Cole, Liam, and I worked silently, hauling in one crate of weapons at a time. For once, I was grateful for the uneasy silence; no matter how unbearable the tension was, another fight would have been infinitely worse. There was a moment when I’d leaned forward to pick up a rifle and place it up on its proper rack in the weapons locker, and my sweatshirt had gaped. Liam had reached over and pulled the fabric down out of the way. He didn’t comment on the bruise on the side of my neck, only smoothed the collar back up and turned away. When we were finished, he was the first one out of the room, disappearing through the double doors, heading, if I had to guess, back to the garage.
I followed the route he’d taken, stopping to check our bunk room first. Most of the kids had checked out for the night, but the door to our room was open; only Chubs was inside, passed out on his bed with all the lights on, a book resting across his chest. I smiled and reached for the light switch when I noticed the colorful, small box on Vida’s bed.
It took less than thirty seconds to figure out where she’d gone. The top of the hair dye box had been ripped straight off, meaning one thing.
The ventilation in the bathrooms was bad enough that we had to prop both of the doors partly open to keep the spaces from feeling like the South in late summer. The steam had been thick enough to make me light-headed.
“That’s okay, you know,” Vida was saying, “but Z, that’s a really shitty way to live.”
I paused outside of the door, one hand pressed against it as I leaned forward, catching the one-sided conversation.
“Yeah, but doesn’t it bother you?” she continued. “Aren’t there things that are important enough to say—I know you can write it out, don’t get me wrong, but how are you ever really going to get this shit off your chest if you can’t talk it through? I mean, look, Z, you know I feel you, but the only person that’s being hurt with this silence is you. Don’t give them that power. Don’t let them trap you into never saying anything. There are people worth remembering, speaking up for. You’re important. You deserve to speak and have people shut the hell up and listen to you. You’re smarter than ninety percent of our population.”
I closed my eyes, pulling back to lean against the wall.

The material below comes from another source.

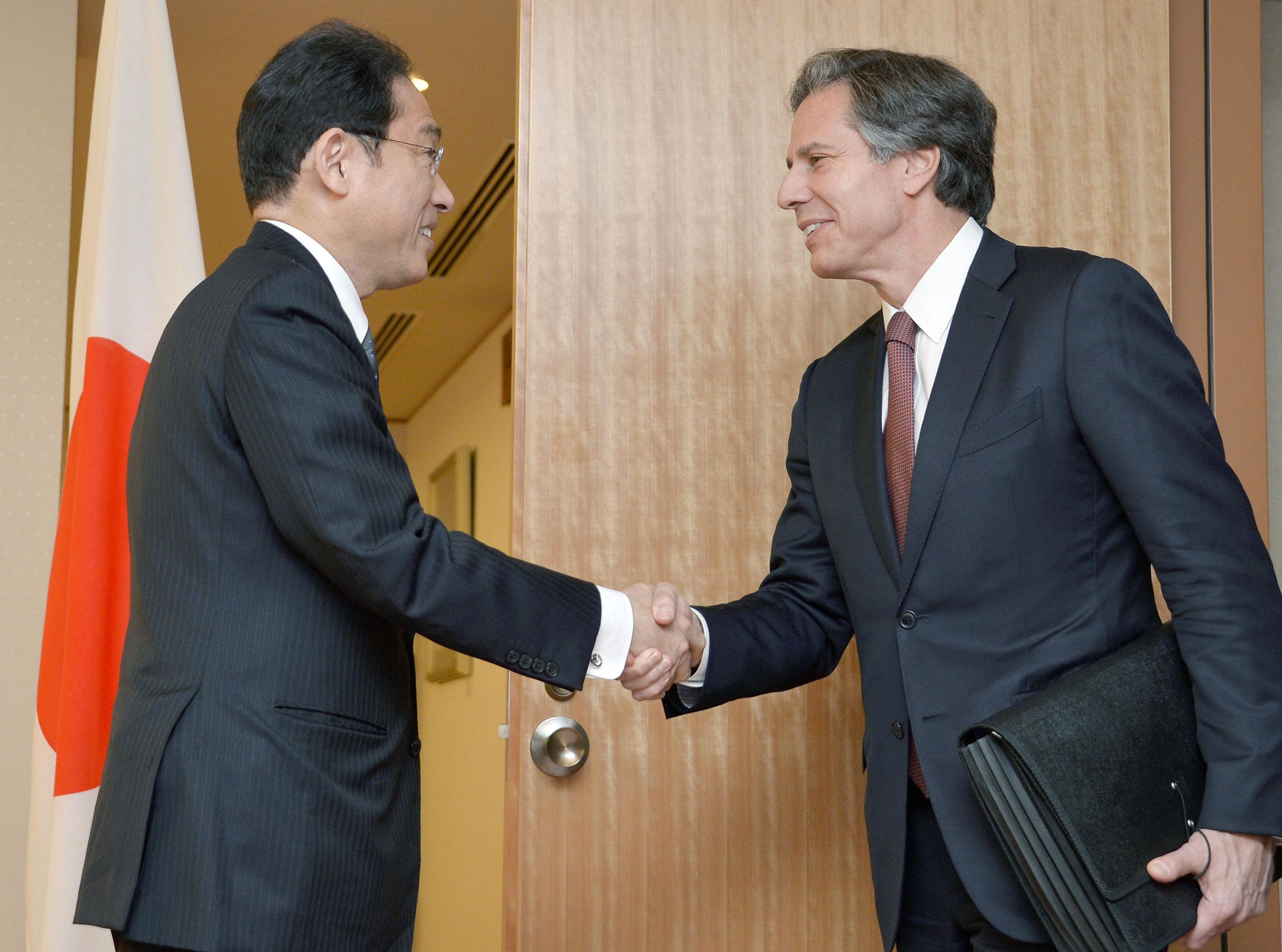 Foreign Minister Fumio Kishida greets U.S. Deputy Secretary of State Antony Blinken in Tokyo on Monday. | KYODO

“Oh, girl, I get scared, too,” Vida said. “I’m always a little scared when I go out on an Op. Not, like, shit-my-pants scared, but I’m afraid of what could happen to the others if I screw up or don’t cover them well enough. Our friend Roo owes me about five years of my life back.” She paused, likely waiting for Zu to write something. “Thing is, though, fear is worthless. It stops you when you need to keep moving most. And it only exists inside of your head. You can hate yourself for being scared, but that’s still letting it control your life. Aren’t you tired of that same old shit? It’s just going to keep dragging you down.”

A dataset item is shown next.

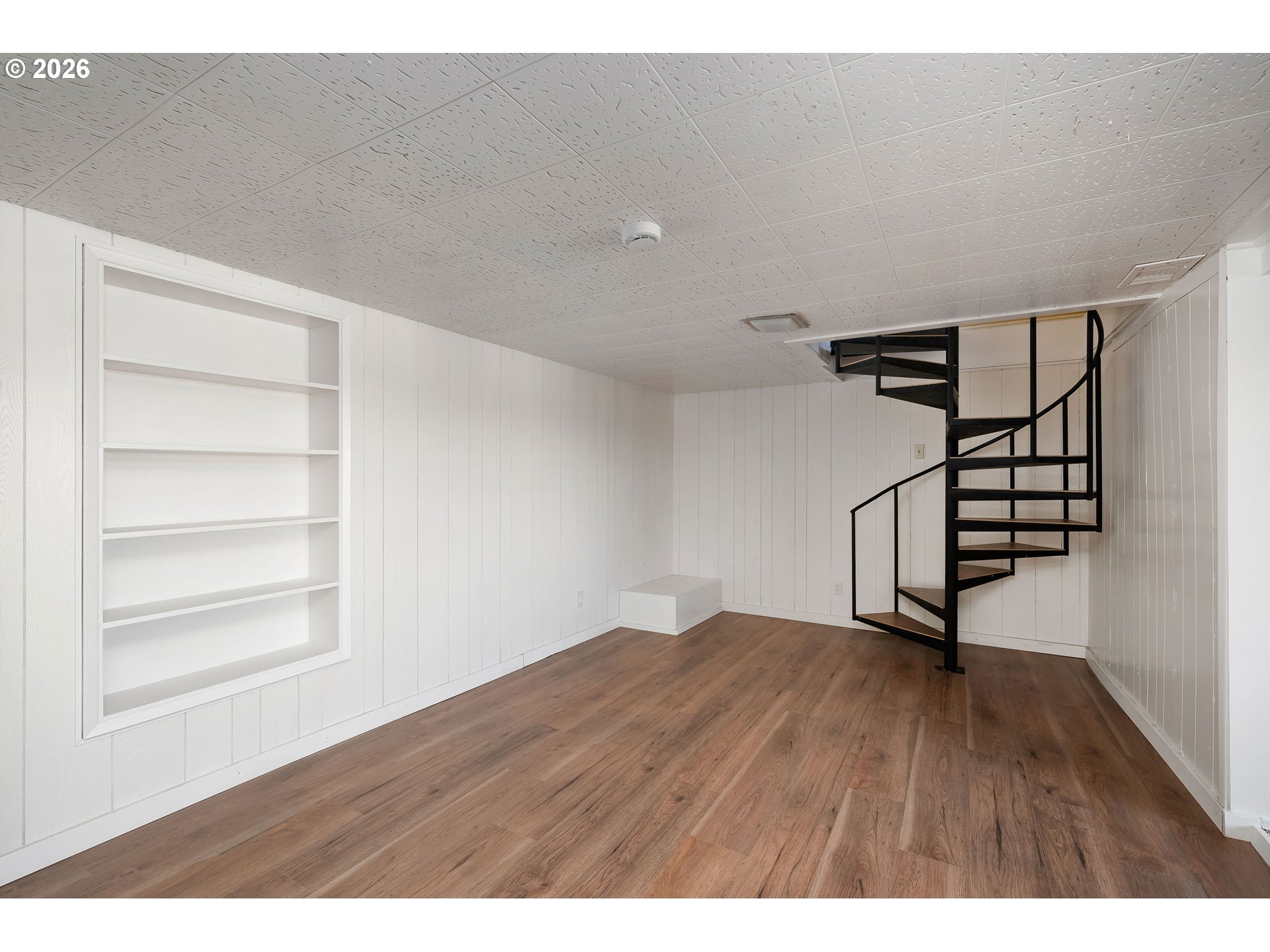 2604 Southwest Buckingham Avenue Portland, OR 97201 - Photo 26 of 32 a view of an empty room with a window and wooden floor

There was another pause; long enough that I started to open the door again.
“People come in and out of our lives all the time,” Vida said, her voice tight. “They can promise that they’ll be right back, but you might never see them again. We got a good unit here, and you know why it’s so strong? Because we chose it. We made it. My sister, she wasn’t like your parents, but she still left me. The bitch called in my location for a reward, but I won’t let her win. I won’t give her the satisfaction of not letting myself trust anyone ever again. She didn’t choose me, and now I’m choosing a different family.”
I waited until Vida was back to humming a little song before slipping inside.
“Hey girl, what’s doing?” Vida glanced over.
For once, the smell of bleach wasn’t coming from the cleaning products we used to scrub out the showers, but from the thick cream Vida had combed through her short hair. There was an old ratty towel over her shoulders to catch the gooey mixture before it hit her sports bra. For a second, I couldn’t see anything other than the scar tissue on her shoulders from the burns she’d gotten in Nashville, fighting Mason. It made my stomach go sour.
Zu sat perched on the counter next to her, swinging her legs back and forth, little white socks bobbing up and down through the air. She held up two different boxes in her hands for me to see—one blue, one red—then gestured toward Vida.